Mohammad Abu Obaida
Florida International University
Mohammad Abu Obaida is a Ph.D. candidate at Florida International University’s School of Computing and Information Sciences. He works as a research assistant in the Modeling and Networking Systems Research Group (MNSRG) at FIU, led by Dr. Jason Liu. Obaida received his Bachelor of Science degree in Computer Science and Engineering from Dhaka University of Engineering and Technology (DUET), Bangladesh in January 2012. Obaida has authored and co-authored five research papers, since joining SCIS as a doctoral student in Spring 2013. In Summer 2015, Obaida was a graduate intern at Los Alamos National Laboratory(LANL), NM. Prior to joining FIU, he was employed as a full-time Lecturer at Prime University, Dhaka, Bangladesh.

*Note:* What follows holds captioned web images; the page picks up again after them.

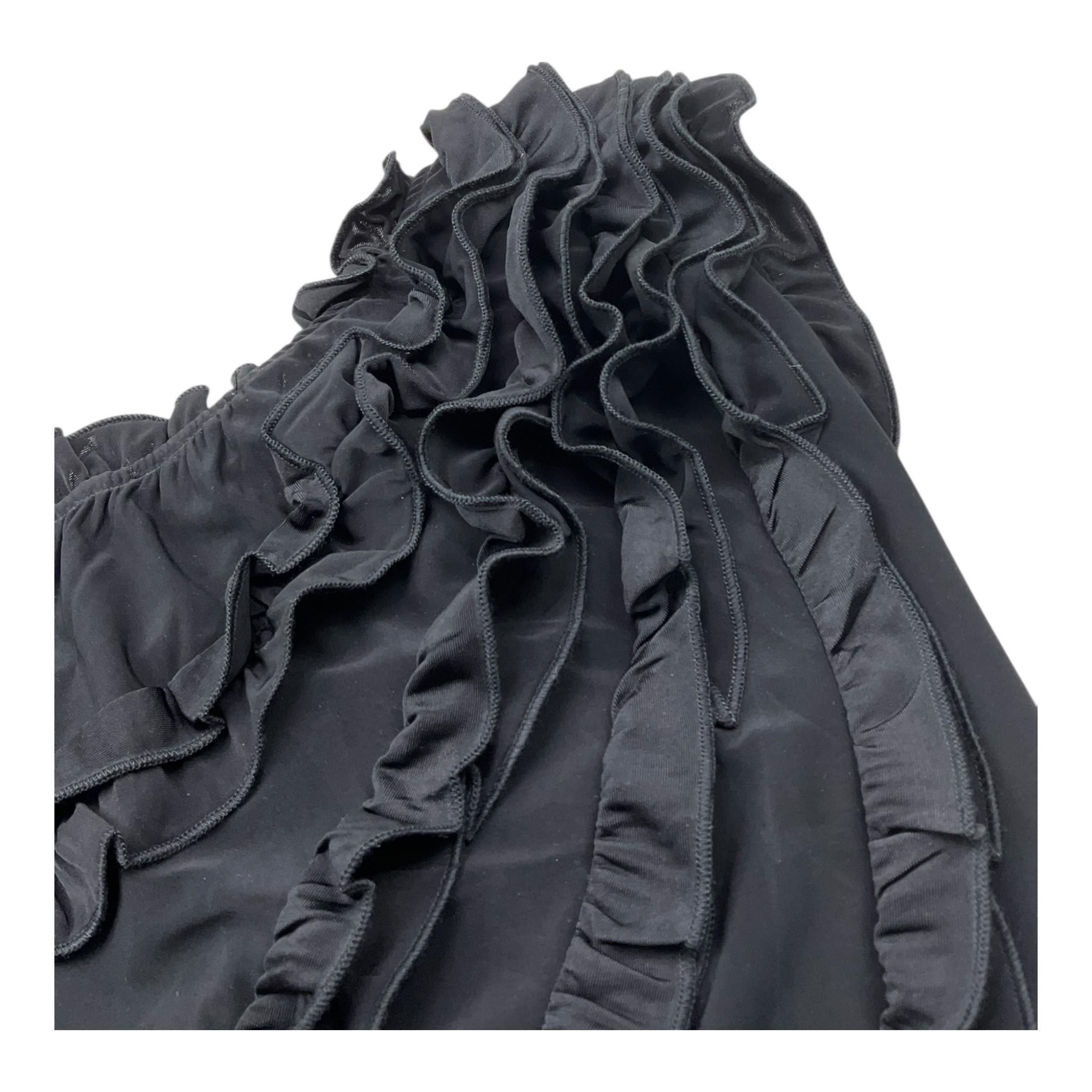 Fun & Fun Body Tinta Unita Giromanica con Balze per Bambina FNCJBD00987 NERO FUN & FUN 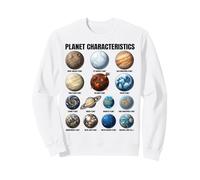 Caratteristiche del Pianeta Tabella educativa della Scienza Spaziale Felpa
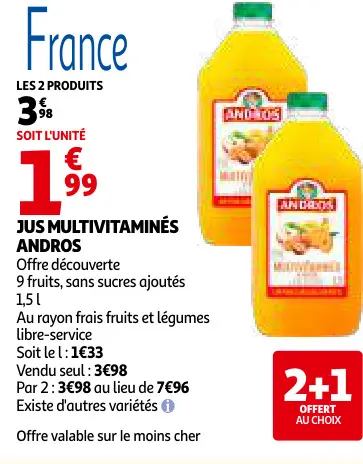 Promotie: Jus multivitaminés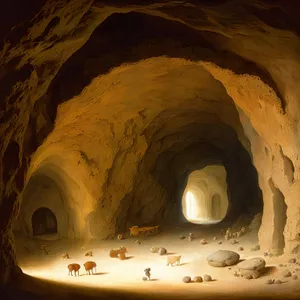 Ancient Stone Vault Roof - Architectural Heritage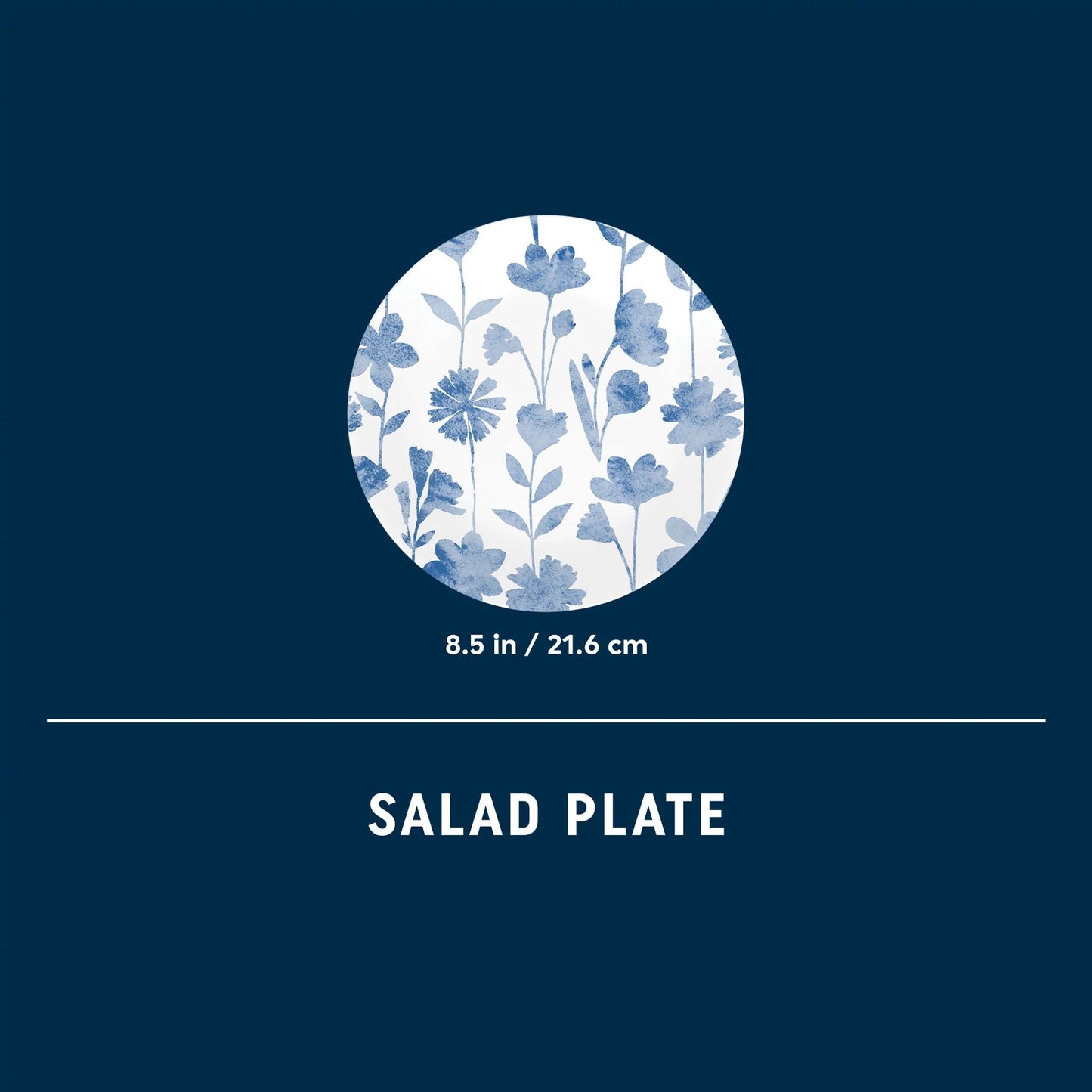 Corelle® Botanical Stripes 8.5 Salad Plate, Floral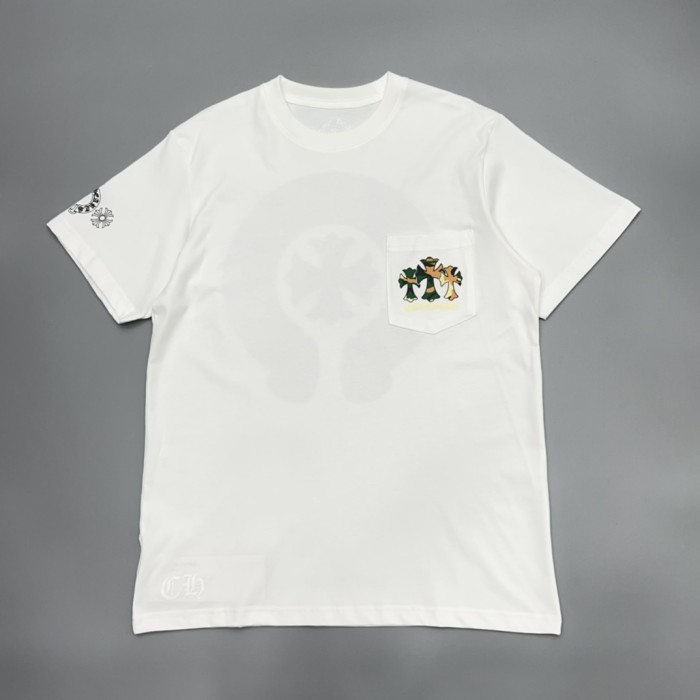1:1 quality version Camouflage Horseshoe Sanskrit Letter Full Sleeve Print T-Shirt 2 colors 29093953
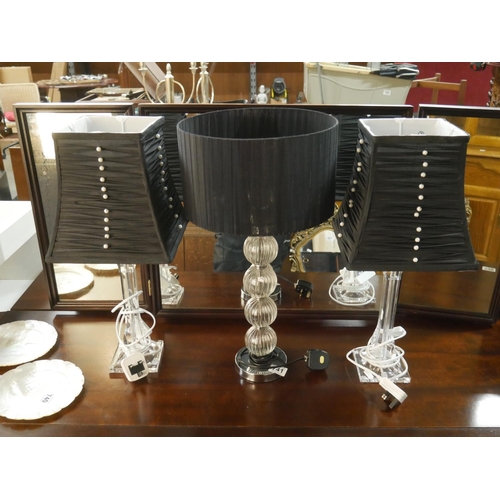 741 - 3 TABLE LAMPS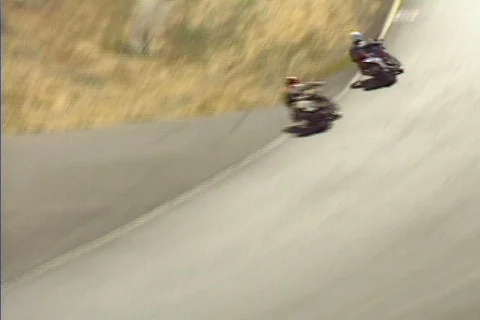 Motorcycle race 12 Stock Footage 644365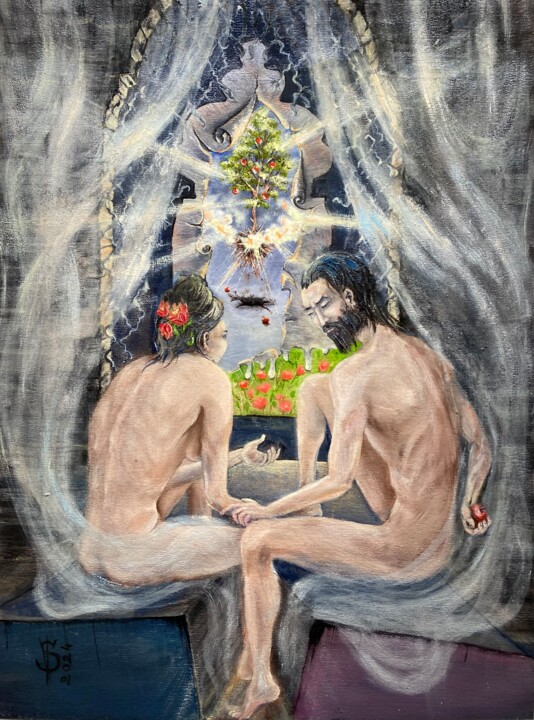 Le portail du paradis perdu Malarstwo, 23,6x17,7 in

Parallel application performance predictions offer valuable insight about their actual runs. However, producing high quality predictions for massively parallel applications in complicated and evolving HPC architectures is difficult—even more so when involving large-scale applications and their interactions. Different prediction methods offer different trade-offs between performance and accuracy. In general, the accuracy of performance prediction decreases with growing communication in applications, when interference between the applications and contention on shared physical resources becomes more pronounced. The main challenges of accurate HPC performance prediction include: (1) modeling large-scale computing platforms and interconnection networks, and (2) modeling large-scale application behaviors.
To tackle these challenges, we propose a framework aiming to make accurate and scalable performance predictions using parallel discrete-event simulation with accurate and highly efficient application execution models. As preliminary work, we first developed a large scale parallel HPC architecture and application workload simulator. The simulator can capture application communication behaviors using detailed models of the message passing interface. In addition, the simulator can capture large-scale HPC workloads as affected by job scheduling, task placement, and inter-application interferences. We also developed PyPassT, an automated tool for building parameterized models for HPC applications using static analysis, which can be used in efficient execution-driven simulation for predicting large-scale application performances.
Performance predictions can be error-prone and have low fidelity, especially when modeling irregular application patterns and data dependent runtime dynamics. To model these applications, we propose a method that combines both static analysis and dynamic instrumentation and can automatically build parallel application execution models. The proposed method focuses on a partial evaluation model of the target application, which can be subsequently executed at small scale. Using dynamic instrumentation, we expect to eliminate important data dependencies of the previously parameterized models from static analysis and may thus render more accurate performance predictions.